Never has ‘All that, for less than the price of a cappuccino’ been more truly said of a newspaper than in the case of Standard Lite, the new London freesheet. Indeed, this metaphor may well have coloured the imagination of Evening Standard boss Mike Anderson as he described the Standard Lite as ‘a news snack. It still leaves you with an appetite for a West End final.’ Or so he will be devoutly hoping.
If Lite really is a snack, it’s certainly a pretty substantial one. Though the hybrid design deliberately reflects some elements of the Associated freesheet Metro, this is no Metro Premium. At 48 pages it weighs in at over two-thirds of the full monty version (68 pages).
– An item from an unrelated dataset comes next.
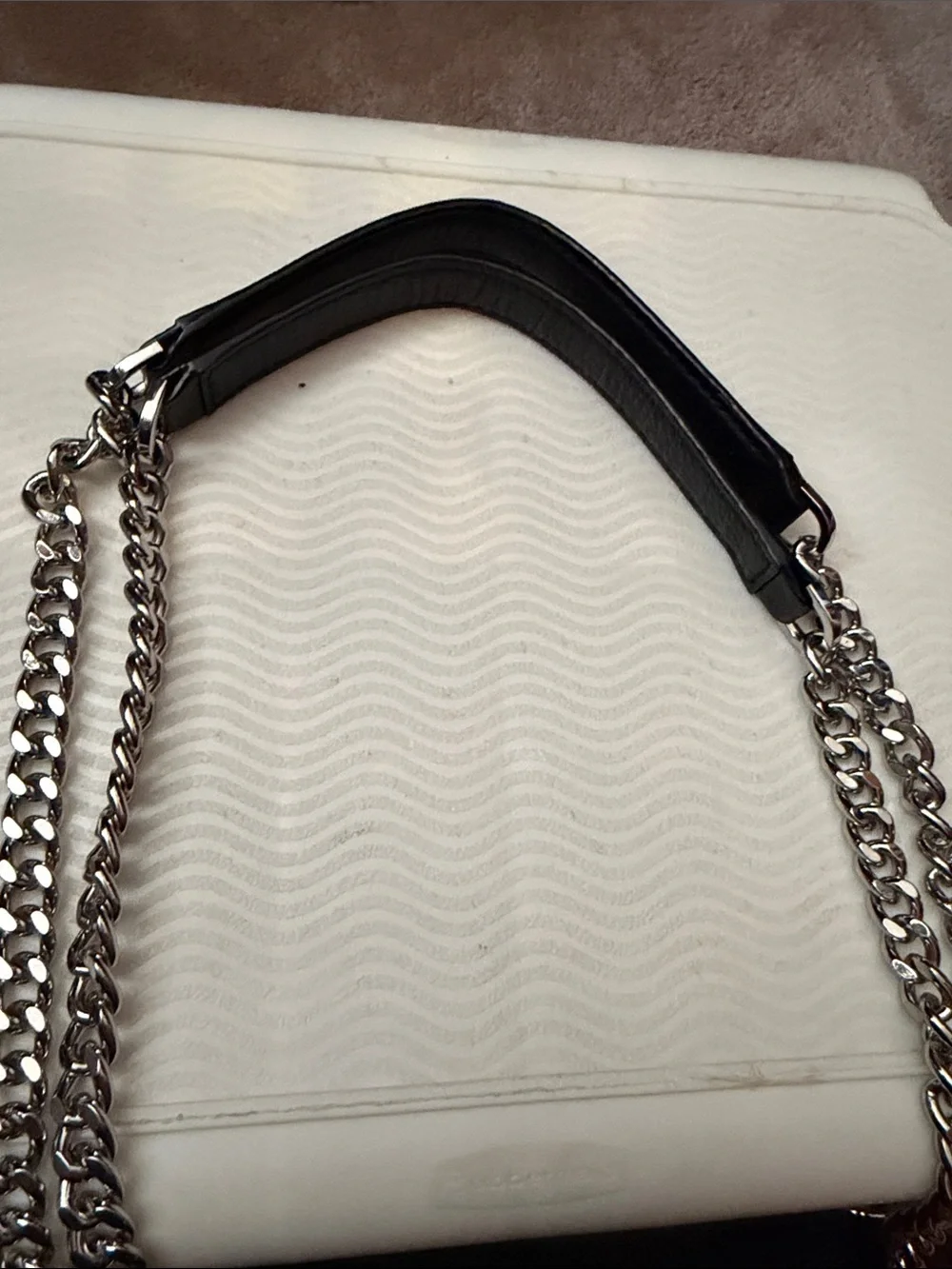 Michael Kors Black Pebbled Leather Shoulder Bag with Silver Chain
It yields little in the way of news coverage and, if it has shed some of the feature material (and supplements), it at least makes a token concession to City news, entertainment and eating out.
Advertisers and media buyers will salute the professionalism of the launch (even if the new paper was a few minutes late) and would be churlish not to acknowledge Anderson’s role in bringing genuine innovation to a moribund market. But despite his track record and the might of Associated behind the launch, they will take a lot of convincing that Standard Lite is going to do what it says it is going to do: halt the decline of the paid-for Evening Standard.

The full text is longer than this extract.